● Task requirements
Both ends included, set down the lines from the line containing "Конструктор Вечеринка по" through the last line of the records below, without pictures.

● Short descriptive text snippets
============================================================
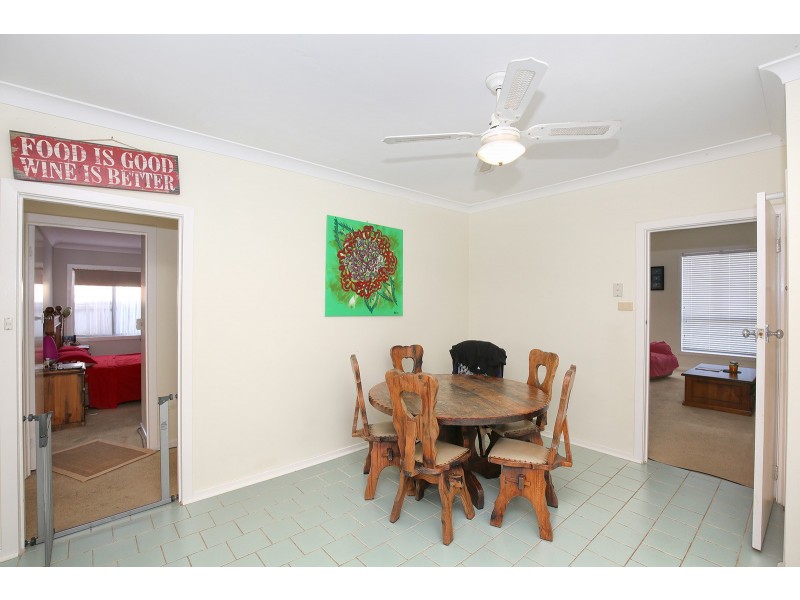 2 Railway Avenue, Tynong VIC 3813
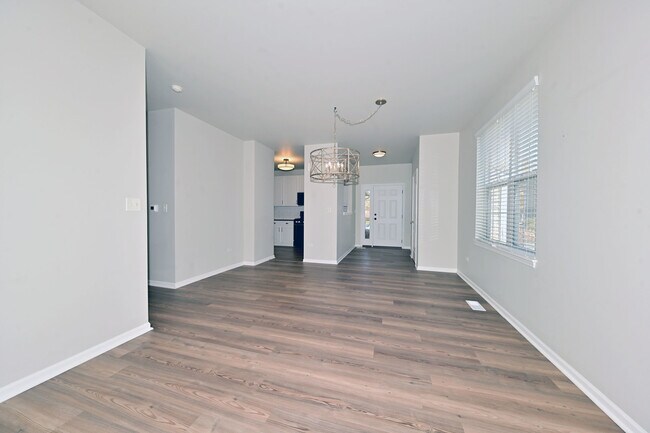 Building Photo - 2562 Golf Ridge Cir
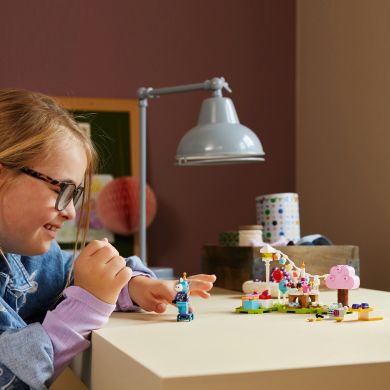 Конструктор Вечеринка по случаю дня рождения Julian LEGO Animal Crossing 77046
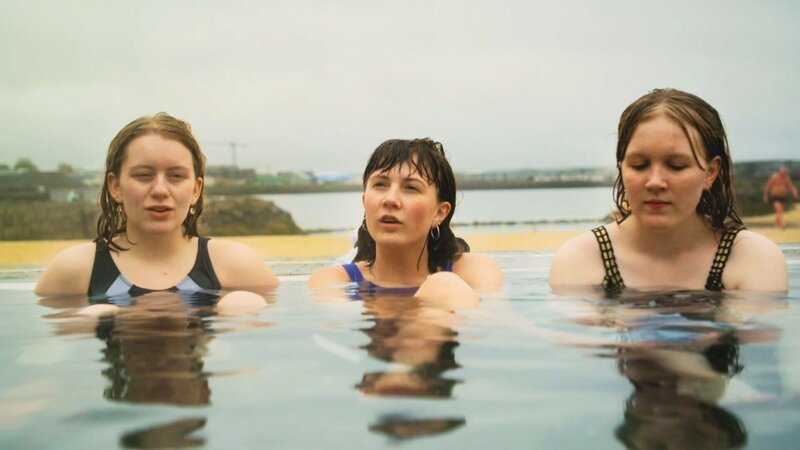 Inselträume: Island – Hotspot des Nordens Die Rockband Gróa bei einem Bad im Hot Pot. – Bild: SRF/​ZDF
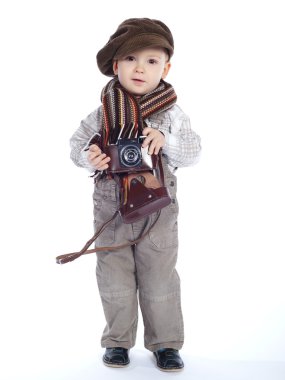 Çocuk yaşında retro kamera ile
============================================================
● Solution for this task
 Конструктор Вечеринка по случаю дня рождения Julian LEGO Animal Crossing 77046
 Inselträume: Island – Hotspot des Nordens Die Rockband Gróa bei einem Bad im Hot Pot. – Bild: SRF/​ZDF
 Çocuk yaşında retro kamera ile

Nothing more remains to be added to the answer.